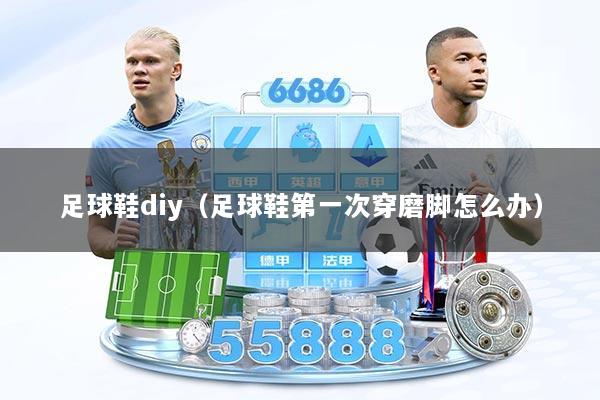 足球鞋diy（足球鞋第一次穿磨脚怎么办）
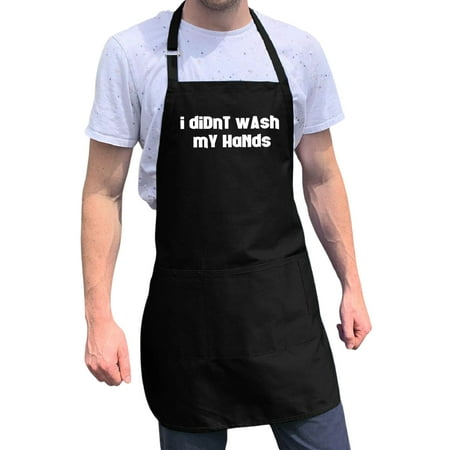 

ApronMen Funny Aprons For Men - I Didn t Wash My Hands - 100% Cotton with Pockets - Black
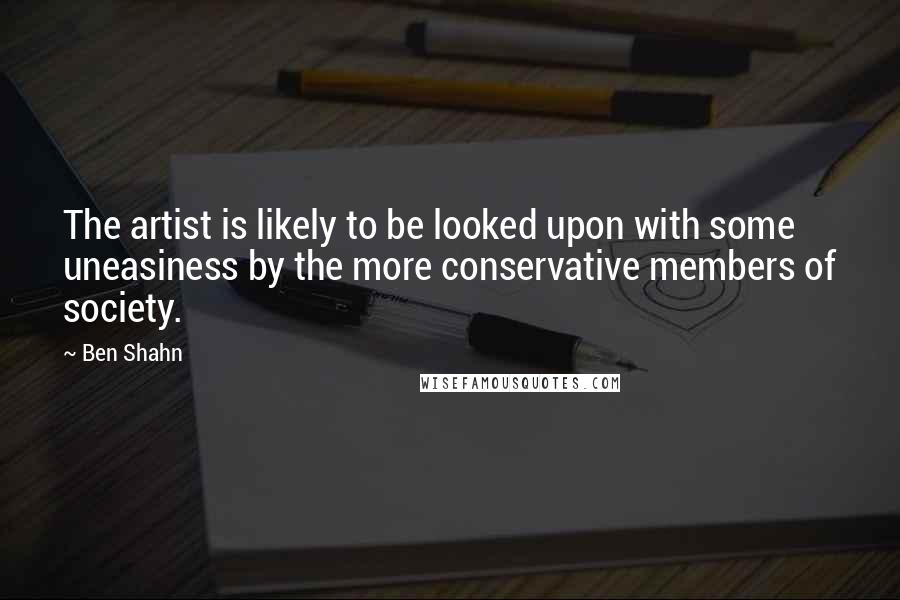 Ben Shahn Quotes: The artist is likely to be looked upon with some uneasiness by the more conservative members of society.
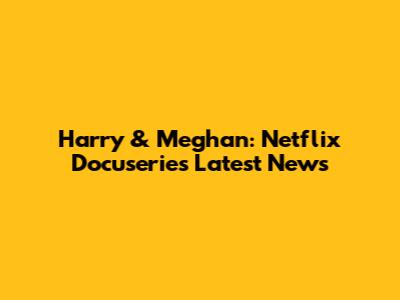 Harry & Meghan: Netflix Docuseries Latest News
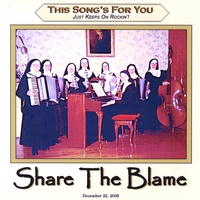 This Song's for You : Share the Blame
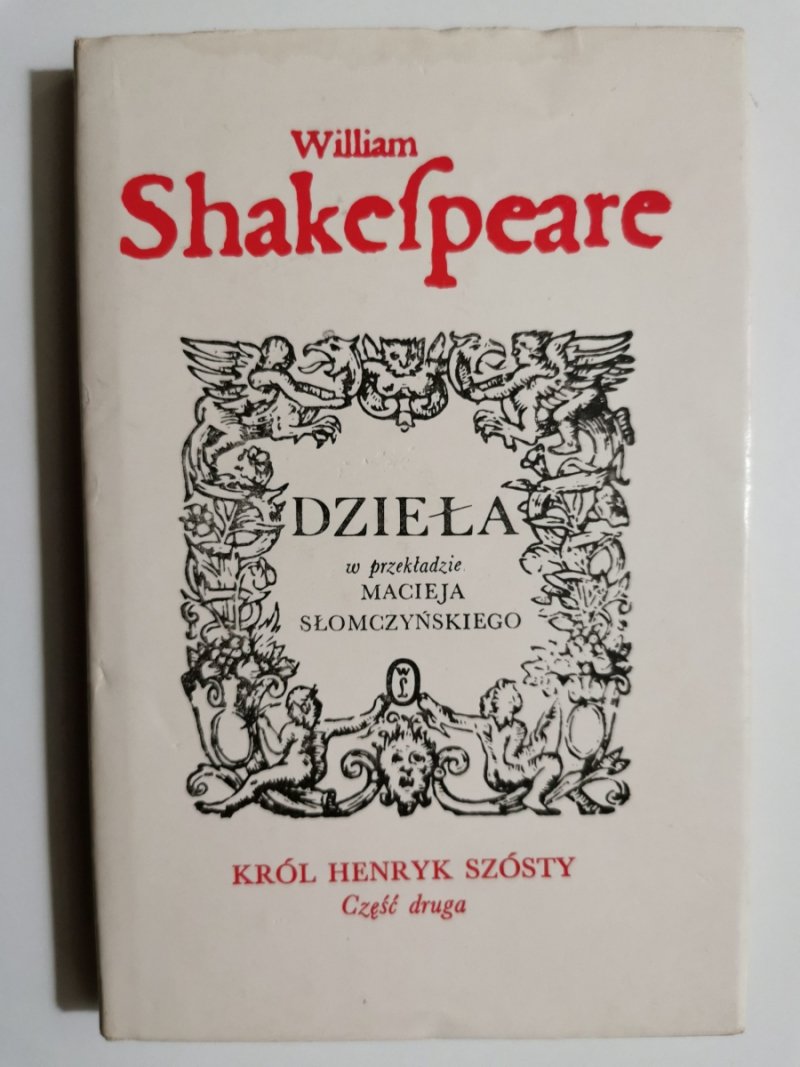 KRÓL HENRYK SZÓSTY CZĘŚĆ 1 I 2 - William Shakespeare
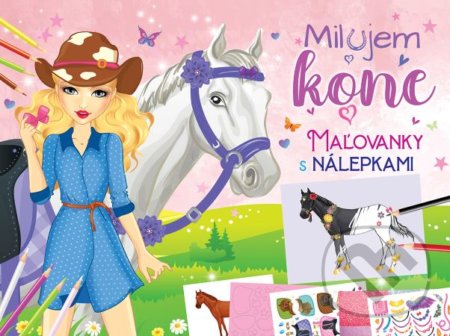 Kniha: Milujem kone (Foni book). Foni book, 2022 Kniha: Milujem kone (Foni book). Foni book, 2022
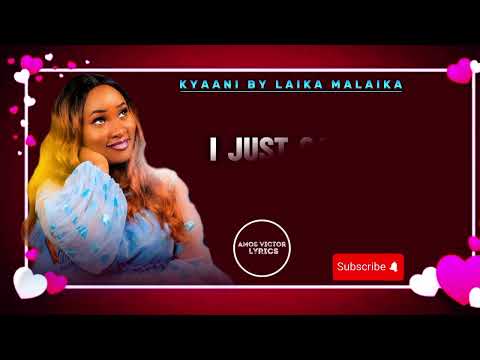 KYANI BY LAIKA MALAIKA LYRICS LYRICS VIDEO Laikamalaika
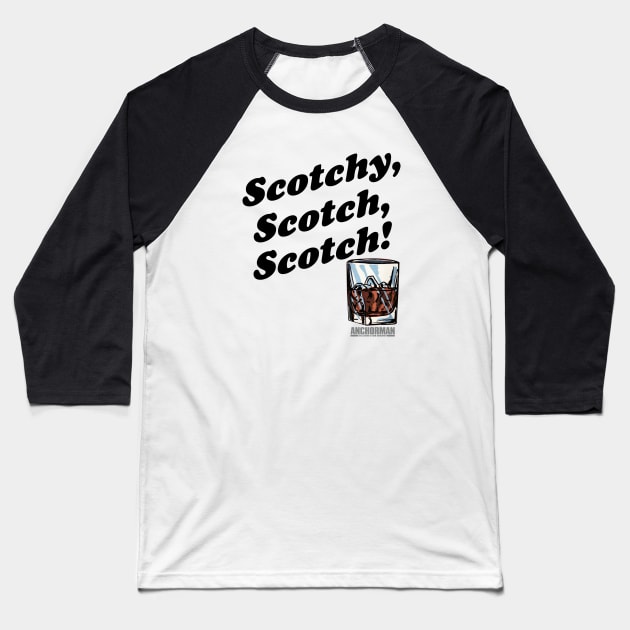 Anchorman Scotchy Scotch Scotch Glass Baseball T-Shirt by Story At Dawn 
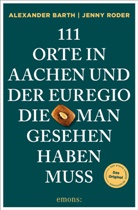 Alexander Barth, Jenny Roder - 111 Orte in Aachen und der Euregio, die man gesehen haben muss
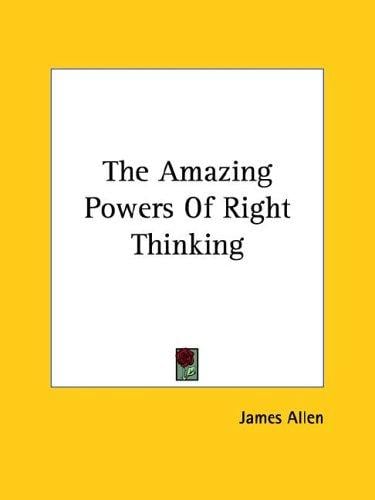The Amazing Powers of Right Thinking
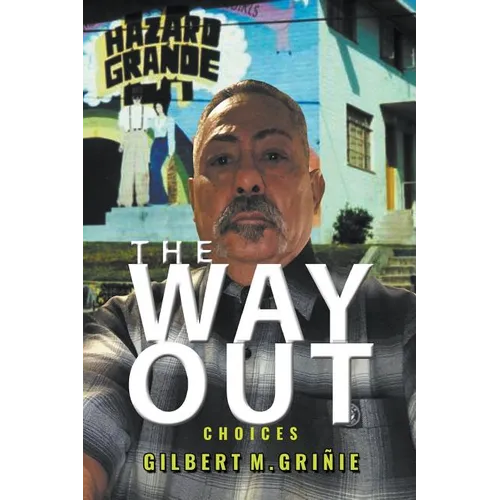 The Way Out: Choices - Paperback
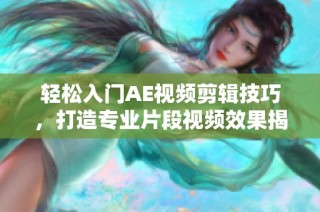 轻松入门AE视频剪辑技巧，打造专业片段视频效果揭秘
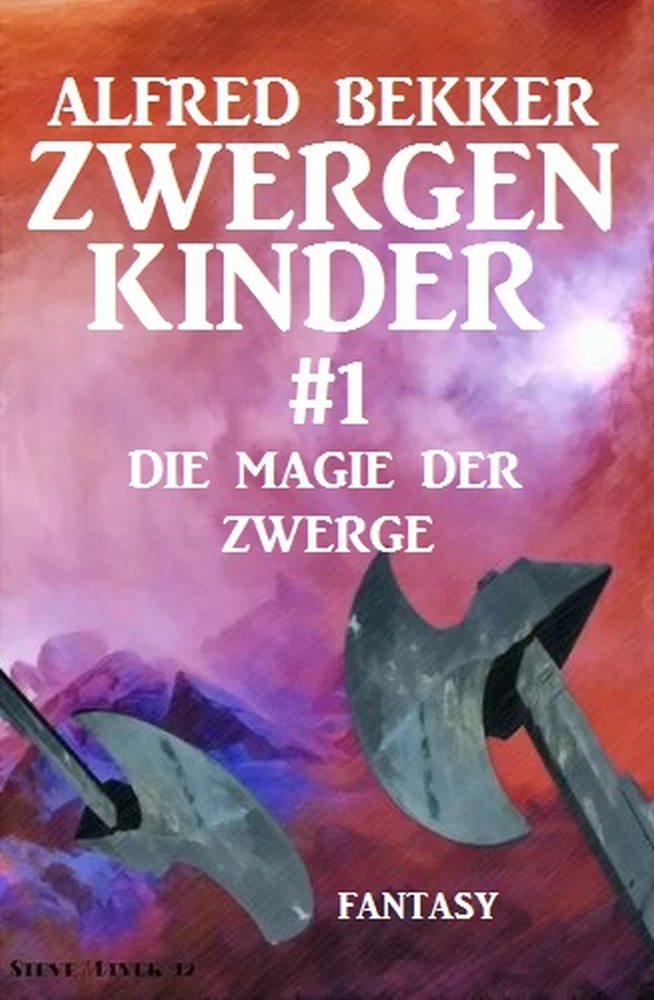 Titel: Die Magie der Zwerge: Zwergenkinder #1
+---+
## AIM OF THE TASK
Repeat the lines of the records verbatim, starting at the line containing "Ben Shahn Quotes: The" and stopping after the final line. Images stay out.

## ANSWER
 Ben Shahn Quotes: The artist is likely to be looked upon with some uneasiness by the more conservative members of society.
 Harry & Meghan: Netflix Docuseries Latest News
 This Song's for You : Share the Blame
 KRÓL HENRYK SZÓSTY CZĘŚĆ 1 I 2 - William Shakespeare
 Kniha: Milujem kone (Foni book). Foni book, 2022 Kniha: Milujem kone (Foni book). Foni book, 2022
 KYANI BY LAIKA MALAIKA LYRICS LYRICS VIDEO Laikamalaika
 Anchorman Scotchy Scotch Scotch Glass Baseball T-Shirt by Story At Dawn 
 Alexander Barth, Jenny Roder - 111 Orte in Aachen und der Euregio, die man gesehen haben muss
The Amazing Powers of Right Thinking
 The Way Out: Choices - Paperback
 轻松入门AE视频剪辑技巧，打造专业片段视频效果揭秘
 Titel: Die Magie der Zwerge: Zwergenkinder #1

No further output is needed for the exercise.